Exercise brief
Would you please write out each entry that follows, exactly as written?

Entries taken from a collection
'''

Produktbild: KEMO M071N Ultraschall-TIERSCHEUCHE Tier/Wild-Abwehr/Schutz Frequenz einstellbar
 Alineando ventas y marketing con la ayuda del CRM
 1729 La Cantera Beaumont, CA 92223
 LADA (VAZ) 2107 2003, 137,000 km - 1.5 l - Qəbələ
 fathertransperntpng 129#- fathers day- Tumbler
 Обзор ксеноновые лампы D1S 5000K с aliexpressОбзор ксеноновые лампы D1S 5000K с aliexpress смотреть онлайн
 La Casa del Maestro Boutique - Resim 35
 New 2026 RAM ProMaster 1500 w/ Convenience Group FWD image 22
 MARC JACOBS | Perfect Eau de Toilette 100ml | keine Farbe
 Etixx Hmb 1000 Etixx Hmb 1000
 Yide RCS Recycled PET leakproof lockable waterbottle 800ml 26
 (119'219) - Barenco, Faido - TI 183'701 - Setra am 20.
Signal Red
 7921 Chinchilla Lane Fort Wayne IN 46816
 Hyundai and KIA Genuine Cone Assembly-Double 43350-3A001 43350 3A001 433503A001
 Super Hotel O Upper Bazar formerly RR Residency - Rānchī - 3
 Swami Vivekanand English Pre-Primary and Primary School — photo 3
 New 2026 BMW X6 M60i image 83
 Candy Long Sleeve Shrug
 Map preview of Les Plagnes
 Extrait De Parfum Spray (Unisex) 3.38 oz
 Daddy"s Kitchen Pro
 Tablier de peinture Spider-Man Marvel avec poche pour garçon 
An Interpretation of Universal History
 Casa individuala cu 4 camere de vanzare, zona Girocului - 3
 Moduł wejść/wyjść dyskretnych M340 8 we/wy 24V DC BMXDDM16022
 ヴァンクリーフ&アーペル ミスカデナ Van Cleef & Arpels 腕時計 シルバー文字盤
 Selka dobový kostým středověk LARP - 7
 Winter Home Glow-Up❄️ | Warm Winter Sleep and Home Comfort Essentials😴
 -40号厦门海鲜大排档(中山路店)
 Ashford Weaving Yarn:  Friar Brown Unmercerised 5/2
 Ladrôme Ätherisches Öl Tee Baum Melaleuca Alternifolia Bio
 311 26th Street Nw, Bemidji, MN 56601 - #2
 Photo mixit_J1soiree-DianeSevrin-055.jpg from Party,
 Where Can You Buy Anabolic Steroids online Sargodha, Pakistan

'''

Result of the exercise
Produktbild: KEMO M071N Ultraschall-TIERSCHEUCHE Tier/Wild-Abwehr/Schutz Frequenz einstellbar
 Alineando ventas y marketing con la ayuda del CRM
 1729 La Cantera Beaumont, CA 92223
 LADA (VAZ) 2107 2003, 137,000 km - 1.5 l - Qəbələ
 fathertransperntpng 129#- fathers day- Tumbler
 Обзор ксеноновые лампы D1S 5000K с aliexpressОбзор ксеноновые лампы D1S 5000K с aliexpress смотреть онлайн
 La Casa del Maestro Boutique - Resim 35
 New 2026 RAM ProMaster 1500 w/ Convenience Group FWD image 22
 MARC JACOBS | Perfect Eau de Toilette 100ml | keine Farbe
 Etixx Hmb 1000 Etixx Hmb 1000
 Yide RCS Recycled PET leakproof lockable waterbottle 800ml 26
 (119'219) - Barenco, Faido - TI 183'701 - Setra am 20.
Signal Red
 7921 Chinchilla Lane Fort Wayne IN 46816
 Hyundai and KIA Genuine Cone Assembly-Double 43350-3A001 43350 3A001 433503A001
 Super Hotel O Upper Bazar formerly RR Residency - Rānchī - 3
 Swami Vivekanand English Pre-Primary and Primary School — photo 3
 New 2026 BMW X6 M60i image 83
 Candy Long Sleeve Shrug
 Map preview of Les Plagnes
 Extrait De Parfum Spray (Unisex) 3.38 oz
 Daddy"s Kitchen Pro
 Tablier de peinture Spider-Man Marvel avec poche pour garçon 
An Interpretation of Universal History
 Casa individuala cu 4 camere de vanzare, zona Girocului - 3
 Moduł wejść/wyjść dyskretnych M340 8 we/wy 24V DC BMXDDM16022
 ヴァンクリーフ&アーペル ミスカデナ Van Cleef & Arpels 腕時計 シルバー文字盤
 Selka dobový kostým středověk LARP - 7
 Winter Home Glow-Up❄️ | Warm Winter Sleep and Home Comfort Essentials😴
 -40号厦门海鲜大排档(中山路店)
 Ashford Weaving Yarn:  Friar Brown Unmercerised 5/2
 Ladrôme Ätherisches Öl Tee Baum Melaleuca Alternifolia Bio
 311 26th Street Nw, Bemidji, MN 56601 - #2
 Photo mixit_J1soiree-DianeSevrin-055.jpg from Party,
 Where Can You Buy Anabolic Steroids online Sargodha, Pakistan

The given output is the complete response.